The Pace of Change
Step into the River — with both feet!
Have you ever resisted change? I sure have!
I think that’s a common thread with all of my clients. Probably because I myself have been all over the place in dealing with change. I love it and hate it. It’s funny that I used to teach a program called, “Change: Navigating Life Transitions.” Probably because I’ve come to know the territory so well!
The greatest things are on the other side of change, and yet I have witnessed myself — and countless others — resist it time and time again.
Maybe you’ve experienced a version of this: you want a change, yet it doesn’t happen. You reconsider. You contemplate alternatives, you question whether you really want the change. You wait to be sure. You’re afraid you don’t know enough, yet.
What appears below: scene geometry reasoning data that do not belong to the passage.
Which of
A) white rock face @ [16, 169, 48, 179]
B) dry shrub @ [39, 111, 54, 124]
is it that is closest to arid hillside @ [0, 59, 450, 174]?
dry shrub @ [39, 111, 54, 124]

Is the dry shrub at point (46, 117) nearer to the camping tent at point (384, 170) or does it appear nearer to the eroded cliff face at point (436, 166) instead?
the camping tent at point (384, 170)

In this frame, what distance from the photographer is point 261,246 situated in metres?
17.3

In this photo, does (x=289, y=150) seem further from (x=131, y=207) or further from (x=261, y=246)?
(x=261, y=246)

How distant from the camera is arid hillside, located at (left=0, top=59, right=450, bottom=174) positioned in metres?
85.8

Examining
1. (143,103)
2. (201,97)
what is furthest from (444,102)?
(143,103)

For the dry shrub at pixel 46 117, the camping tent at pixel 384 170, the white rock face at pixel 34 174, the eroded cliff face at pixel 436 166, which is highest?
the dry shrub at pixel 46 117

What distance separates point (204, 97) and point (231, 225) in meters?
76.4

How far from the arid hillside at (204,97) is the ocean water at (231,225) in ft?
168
So you research, ask opinions, and you don’t take action.
This can go on for weeks, months or even years! You feel the stress of sitting on the fence, a most uncomfortable place to sit, by the way! It takes a huge amount of energy to hold indecision and inaction. Meanwhile, you continue to live in the situation you know you want to change without taking action.
It sounds crazy, doesn’t it? Yet, after coaching hundreds of people over the years, it’s not uncommon. One of my clients had waited 27 years for clarity about a divorce! Our work together supported him in finally taking action.
I was recently in Eugene, Oregon. Since my sister and brother-in-law live there, I’ve gone to visit numerous times, sometimes for a week and up to months at a time.
During longer visits, I bring, borrow or buy a bike and keep up one of my passions, cycling every day. There is a beautiful and inviting spot along the Willamette River where I often stop, meditate, do some chi gong, sit on a bench, and stand at the water’s edge.
Here’s a ritual I’ve created whenever standing at the water’s edge.
I face downstream.
This is a fast-moving river. The current whooshes by me. Past me. Through me. And downstream.
- I open my palms downstream.
- I energetically let go and send whatever I am done with, don’t want, is over, down the river and the current sweeps it away.
- Sometimes there’s a mental list of all the things I want to send down the river.
- Sometimes there’s no list; it’s just allowing the energy of letting go.
- I empty out.
- Tabala Rasa.
Then I’m ready for what’s next.
I face upstream.
- I may not know what’s coming next, but again, I open my palms into the direction of this current rushing towards me, to me and through me.
- And I allow myself to receive.
- Again, sometimes there’s a list of all that I want to receive, all that I want to have come my way…
- Sometimes it’s just allowing myself to receive.
- That means listening, feeling and accepting what comes to me.
- It opens me to intuition and my own inner guidance.
What came to me on this recent trip was an irresistible impulse to move to Eugene. There had been several external reasons, and at the river’s edge, I started to feel a deep internal drive or current in that direction.
What struck me was the difference in what could happen next.
I could resist the urge. Think about it. Get around to it. Forget about it. Ask opinions. Doubt the impulse. And it would never happen. Or it may happen, at a much later time.
I could put one foot in the river. The foot on land would dig deeper into the soil, while the foot in the water would be pulled by the current. It seemed that would make it difficult to be centered or balanced. And it didn’t seem solid or comfortable.
That didn’t even occur to me.
It was unconscious at first. I had an urge to step into the current of this fast-moving river and let the river guide the pace of change.
It’s true that the decision to move and the actual move seem “all of a sudden.” However, there has been an ease in the flow of what needed to happen — because I was allowing the pace of the river to guide my pace of change. And it happened to be fast-paced.
It’s as if I had decided to step into the river with both feet.
Things started to happen in support of that decision. Things happened easily, quickly. As if there was support every step of the way.
As much as I could say “I hate packing,” I am coming to believe that stepping into the river with both feet invites quick action on all related fronts. Hey, I could even say, “The universe has my back!”
What has been YOUR pace of change?
What are your favorite ways to slow it down?
Are you ready to pick up your pace?
I’d love to talk with you about stepping into your river at the pace that is best for you!
Click here to schedule some time with me.
Remember that ‘you can never step into the same river twice.’
Thought provoking comment, Scott! At first I disagreed — because that same river will be there the next time you go see it! What IS true is that the river is never the same. Which is actually what you said: that you can’t step into the SAME river twice. I live on a lake now, and with the reflection of the sun, clouds, birds, weather, etc., it’s always changing, ie, never the same. So when the moment is right, STEP IN!!!!